Thursday 2:50 PM–3:30 PM in Room 2

A pythonista’s pipeline for large-scale geospatial analytics

Alice Broadhead

Audience level:
Intermediate

Description

We created an automated framework for analysis of large-scale geospatial data using Spark, Impala, and Python. We use this framework to join billions of device locations daily from mobile phone users to millions of points of interest. We discuss our project structure and workflow. Our work has broader application to movement of populations through time and space.

Abstract

Large-scale geospatial data is a common analytical challenge. We receive billions of location data points per day for user locations. We need to filter this data and map it to millions of points of interest. Our end use case is to provide clients with information as to the attributes of users who visit their stores. This workflow, however, has application to the broader analytical problem of mapping geospatially located entities of interest to points of interest with known locations. We also provide our approach to the frequently encountered issue of needing both standardized and flexible reporting. We have automated the standard analyses in our workflow, but created an API for analysts to quickly develop ad-hoc analyses based on customer requests.
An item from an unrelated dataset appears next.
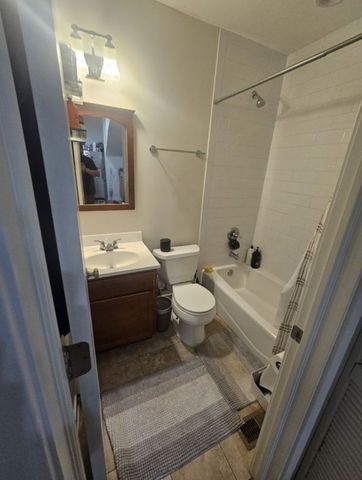 1644 N Hermitage Avenue 1F, Chicago, IL 60622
There are freely available tools to the Python user that can help us complete all of the tasks in our data analysis pipeline. At a high level, the architecture of our process is as follows: HDFS storage for large-scale geospatial data, Spark for geospatial joins, Cloudera Impala accessed via Ibis to query resultant datasets, and scientific python for conducting analyses. We make the automated analyses to the end users via a web portal created using Flask and Celery. We created an API available to analysts as a Python package so that they can quickly perform custom analyses created by clients. We used Sphinx to aid in documentation for easier use of the API.

In this talk we describe our architecture and workflow to accomplish the following analytical tasks related to user location:

1.) Estimation of the user’s approximate home location (within a few miles) 2.) Estimation of approximate demographic characteristics of visitors to a location 3.) Distribution of distances traveled to reach a specific location 4.) Distribution of visit propensities over time

We also describe an analytic technique used to statistically determine the impact of treatment on user’s geographical behavior patterns using propensity-based test and control groups.

Python is the only language with tools readily available to efficiently complete this task end-to-end.